TUA-Bench: A Benchmark for General-Purpose Terminal-Use Agents
Summary
Released on June 26, 2026, TUA-Bench is a new general-purpose benchmark for terminal-use agents (TUAs), developed by Meta AI, Duke University, and Stanford University. It addresses a critical gap in existing evaluations, which primarily target graphical user interfaces or programming-specific shell tasks. TUA-Bench features 120 manually designed, real-world tasks across five families, encompassing routine digital activities like document editing and email management, alongside specialized scientific and engineering workflows co-designed with PhD-level experts. Tasks run in isolated Linux containers with deterministic setup scripts and are evaluated via an execution-based scoring protocol. Initial evaluations show that the strongest frontier agent, Claude Code with Claude Opus 4.8 max reasoning effort, achieved only 65.8% overall performance, revealing substantial remaining challenges for general-purpose terminal agents.
Key takeaway
For AI Scientists and ML Engineers developing general-purpose LLM agents, you should integrate TUA-Bench into your evaluation pipelines. This benchmark provides a realistic, text-native environment to assess agent capabilities beyond GUIs or coding. Focus on improving long-horizon planning, tool use, and error recovery, as current frontier models achieve only 65.8% success. Optimize for cost-performance by balancing reasoning effort and carefully selecting agent scaffolds, as these significantly influence overall results.
Key insights
Terminal-use agents require specialized benchmarks like TUA-Bench to evaluate general computer-use capabilities beyond GUIs or coding.
Principles
- CLI environments align with LLM strengths.

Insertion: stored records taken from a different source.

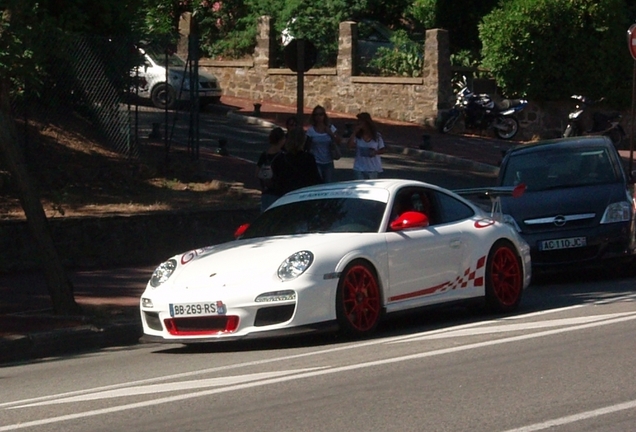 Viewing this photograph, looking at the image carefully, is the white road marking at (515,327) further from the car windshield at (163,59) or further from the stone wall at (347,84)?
the stone wall at (347,84)

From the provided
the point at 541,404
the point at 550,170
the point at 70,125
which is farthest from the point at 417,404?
the point at 70,125

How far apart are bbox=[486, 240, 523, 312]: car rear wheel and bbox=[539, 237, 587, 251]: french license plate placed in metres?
2.16

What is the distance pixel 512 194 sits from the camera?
12.6 metres

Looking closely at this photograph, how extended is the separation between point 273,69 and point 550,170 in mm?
20888

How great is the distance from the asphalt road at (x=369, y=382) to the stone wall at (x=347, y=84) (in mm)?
20666

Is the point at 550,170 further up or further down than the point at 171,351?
further up

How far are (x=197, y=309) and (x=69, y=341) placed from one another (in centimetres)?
191

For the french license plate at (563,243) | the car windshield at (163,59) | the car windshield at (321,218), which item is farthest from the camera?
the car windshield at (163,59)

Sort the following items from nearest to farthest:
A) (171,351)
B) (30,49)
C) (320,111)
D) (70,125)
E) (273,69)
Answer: (171,351) → (30,49) → (320,111) → (70,125) → (273,69)

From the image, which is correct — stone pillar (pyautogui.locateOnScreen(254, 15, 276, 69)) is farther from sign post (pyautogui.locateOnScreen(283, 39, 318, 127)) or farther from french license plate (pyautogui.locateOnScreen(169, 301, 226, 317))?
french license plate (pyautogui.locateOnScreen(169, 301, 226, 317))

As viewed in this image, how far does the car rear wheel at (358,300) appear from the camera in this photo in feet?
32.9

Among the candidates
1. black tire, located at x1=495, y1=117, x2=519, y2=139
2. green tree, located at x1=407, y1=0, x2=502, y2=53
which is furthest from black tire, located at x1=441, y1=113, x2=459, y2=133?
green tree, located at x1=407, y1=0, x2=502, y2=53

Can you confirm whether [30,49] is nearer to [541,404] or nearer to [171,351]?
[171,351]

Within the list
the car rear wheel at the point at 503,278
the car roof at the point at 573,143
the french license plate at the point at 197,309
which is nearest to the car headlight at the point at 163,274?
the french license plate at the point at 197,309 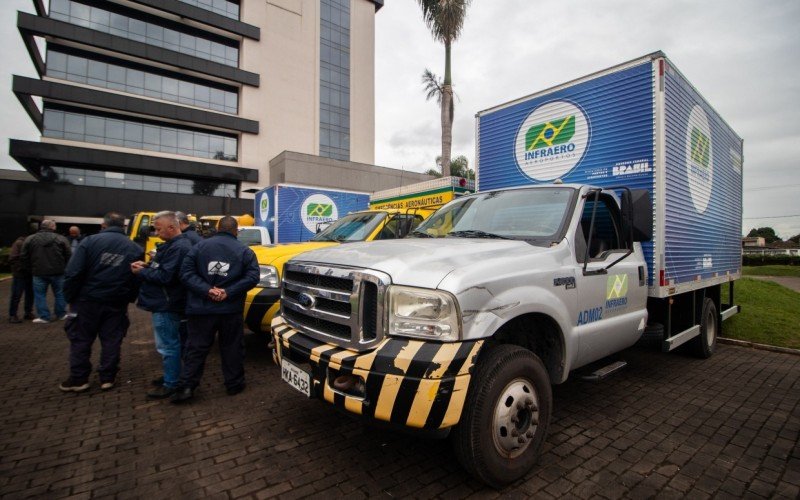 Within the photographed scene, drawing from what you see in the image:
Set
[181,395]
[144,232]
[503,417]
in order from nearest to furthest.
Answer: [503,417] → [181,395] → [144,232]

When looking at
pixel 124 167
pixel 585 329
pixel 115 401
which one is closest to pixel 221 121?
pixel 124 167

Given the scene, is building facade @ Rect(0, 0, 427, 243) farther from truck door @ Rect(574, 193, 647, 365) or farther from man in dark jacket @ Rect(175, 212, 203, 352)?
truck door @ Rect(574, 193, 647, 365)

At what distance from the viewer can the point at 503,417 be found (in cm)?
242

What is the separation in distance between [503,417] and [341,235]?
13.1 feet

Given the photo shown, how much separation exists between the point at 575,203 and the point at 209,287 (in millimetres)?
3415

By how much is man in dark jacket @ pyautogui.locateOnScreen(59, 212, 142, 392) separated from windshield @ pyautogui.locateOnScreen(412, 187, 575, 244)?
3.12 metres

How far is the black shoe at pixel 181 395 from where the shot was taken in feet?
12.4

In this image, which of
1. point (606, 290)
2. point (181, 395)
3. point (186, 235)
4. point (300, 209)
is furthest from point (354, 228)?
point (300, 209)

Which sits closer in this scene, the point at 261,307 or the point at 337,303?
the point at 337,303

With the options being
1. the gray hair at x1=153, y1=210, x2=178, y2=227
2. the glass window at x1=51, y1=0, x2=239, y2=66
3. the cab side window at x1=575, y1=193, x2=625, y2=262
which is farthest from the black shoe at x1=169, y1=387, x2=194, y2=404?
the glass window at x1=51, y1=0, x2=239, y2=66

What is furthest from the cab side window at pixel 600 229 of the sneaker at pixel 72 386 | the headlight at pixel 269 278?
the sneaker at pixel 72 386

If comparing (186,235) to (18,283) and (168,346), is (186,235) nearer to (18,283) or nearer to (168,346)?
(168,346)

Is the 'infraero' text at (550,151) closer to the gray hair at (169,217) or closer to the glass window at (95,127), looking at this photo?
the gray hair at (169,217)

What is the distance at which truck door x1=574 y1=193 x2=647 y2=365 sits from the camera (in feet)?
10.3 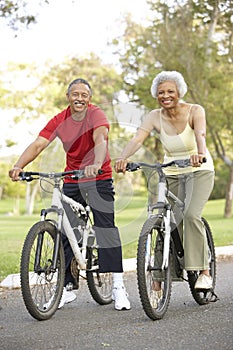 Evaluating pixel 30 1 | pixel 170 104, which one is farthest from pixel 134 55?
pixel 170 104

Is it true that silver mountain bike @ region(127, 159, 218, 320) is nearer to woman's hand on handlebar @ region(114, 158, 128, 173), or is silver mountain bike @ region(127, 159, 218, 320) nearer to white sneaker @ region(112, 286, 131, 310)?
woman's hand on handlebar @ region(114, 158, 128, 173)

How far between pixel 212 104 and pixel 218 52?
1748 mm

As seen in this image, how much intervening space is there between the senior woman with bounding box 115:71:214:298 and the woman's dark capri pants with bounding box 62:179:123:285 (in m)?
0.52

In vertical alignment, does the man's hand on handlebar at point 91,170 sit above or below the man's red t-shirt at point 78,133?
below

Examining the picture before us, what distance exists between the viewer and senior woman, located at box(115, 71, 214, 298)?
18.5ft

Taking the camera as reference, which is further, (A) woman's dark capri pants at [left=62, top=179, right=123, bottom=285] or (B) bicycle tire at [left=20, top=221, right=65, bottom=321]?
(A) woman's dark capri pants at [left=62, top=179, right=123, bottom=285]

- Diverse, realistic tasks reveal agent gaps.
- Agent scaffold impacts model performance.
Method
TUA-Bench tasks are manually curated from GUI benchmarks (everyday tasks) or co-designed with PhD experts (professional tasks), run in isolated Linux containers, and evaluated via execution-based scoring.
In practice
- Use 2400s task execution time limit.
- Medium-to-high reasoning effort balances cost.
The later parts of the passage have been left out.